***** Input records *****

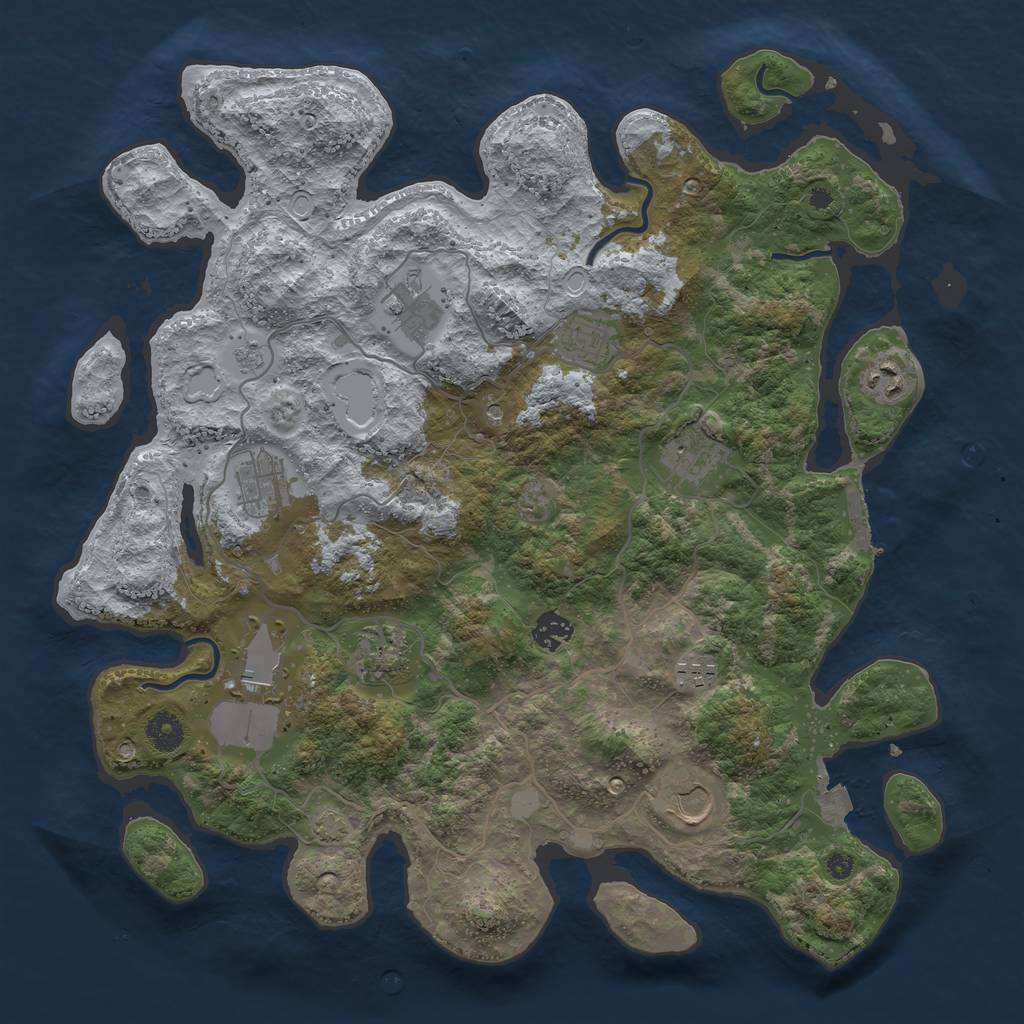 Rust Map: Procedural Map, Size: 4000, Seed: 1275251014, 17 Monuments
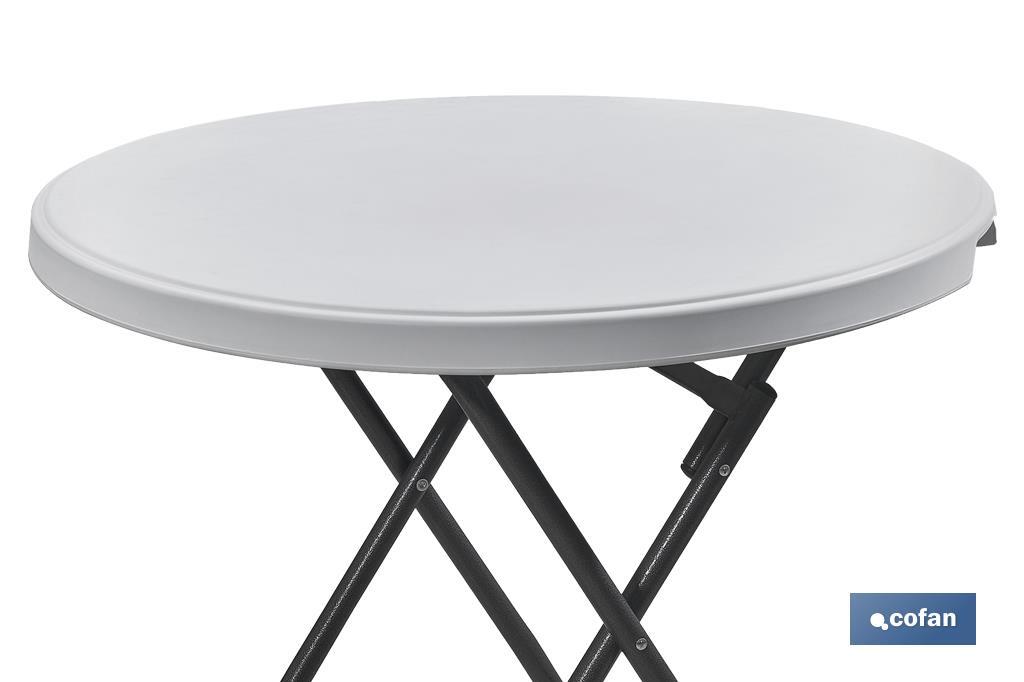 MESA REDONDA PLEGABLE BLANCA 80x80x74cm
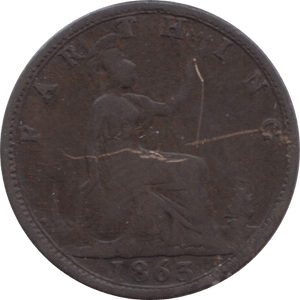 1863 FARTHING SCRATCHED ( FINE ) 1 - Farthing - Cambridgeshire Coins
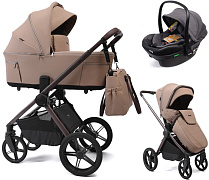Детская коляска Peppy Soho 3 в 1 с автокреслом Jovikids Aria Black Sand (песочный) рама шоколад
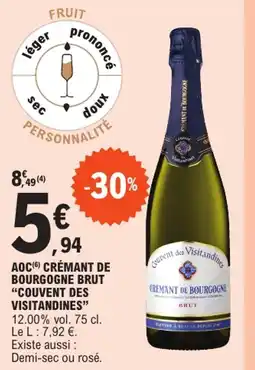 E.Leclerc COUVENT DES VISTANDINES Crémant de Bourgogne Brut offre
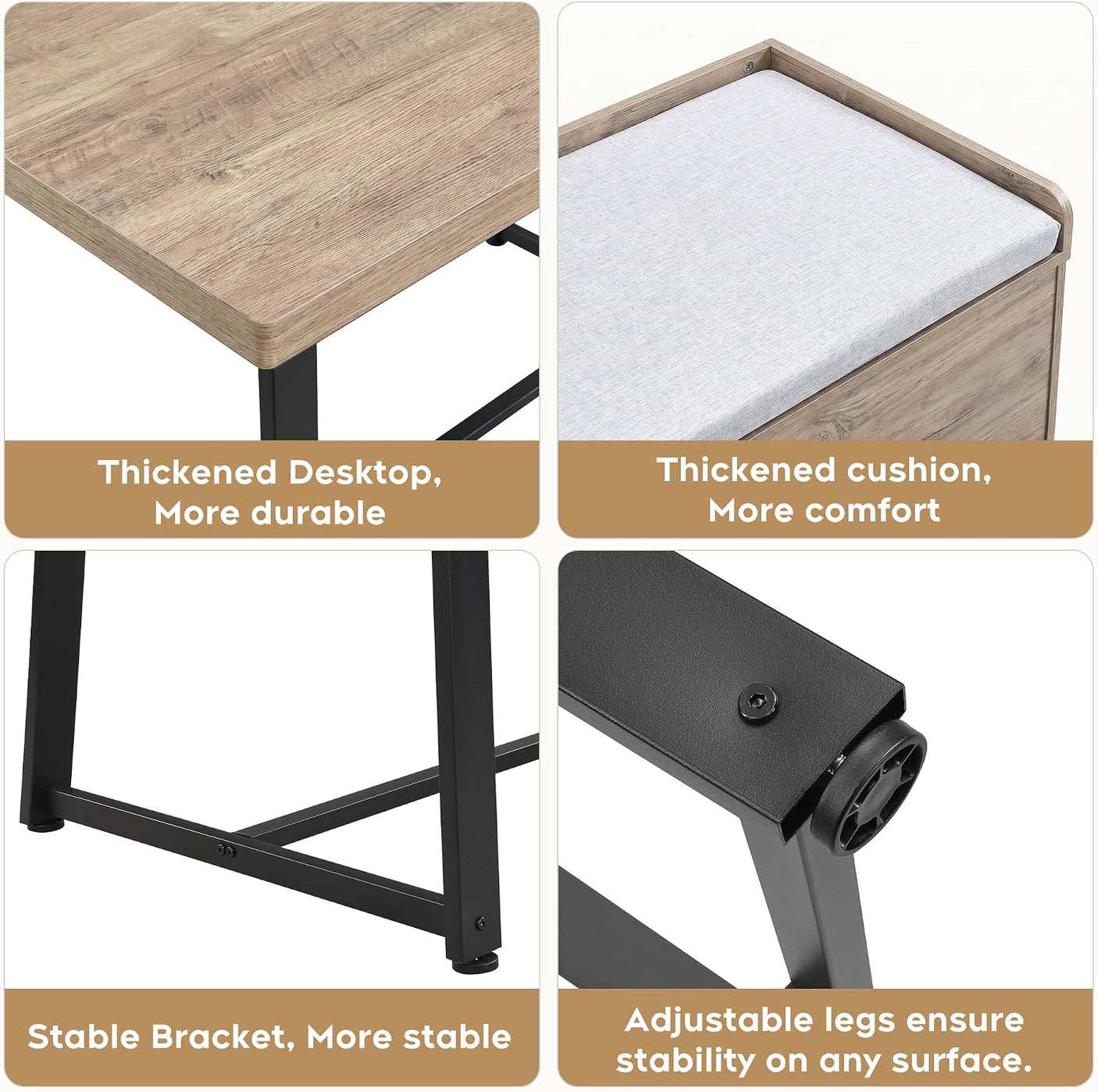 47 Inch Corner Dining Table Set with Storage Stool and Storage Bench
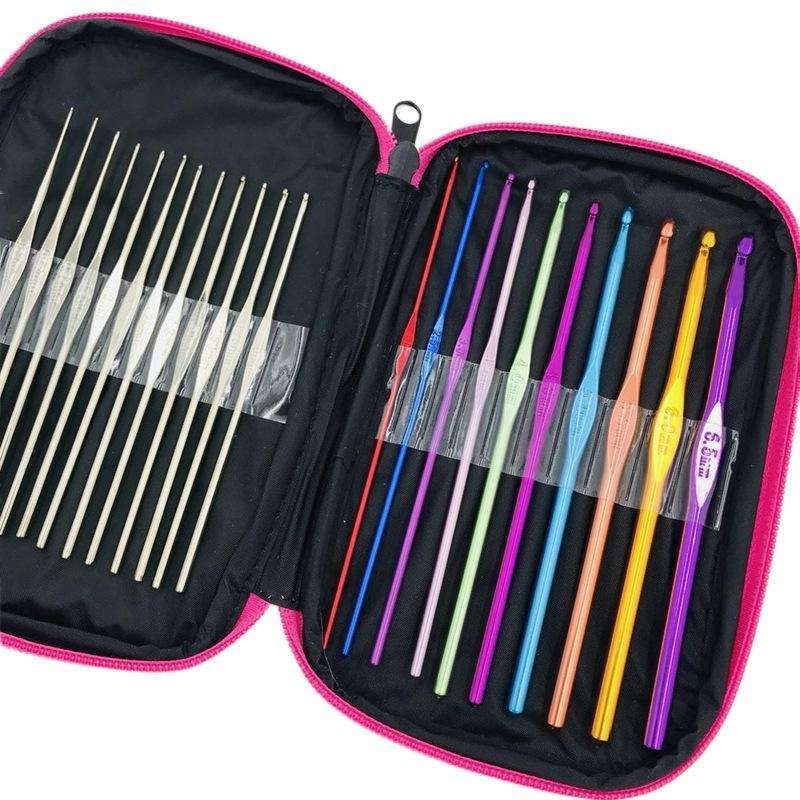 Crochet hooks knitting kit with markers and tape measure, multicolor โ image 4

*****

Reproduce exactly and only the lines from the line that contains "E.Leclerc COUVENT DES" to the end of the data above, both ends included. No pictures go in the copy.

 E.Leclerc COUVENT DES VISTANDINES Crémant de Bourgogne Brut offre
 47 Inch Corner Dining Table Set with Storage Stool and Storage Bench
 Crochet hooks knitting kit with markers and tape measure, multicolor โ image 4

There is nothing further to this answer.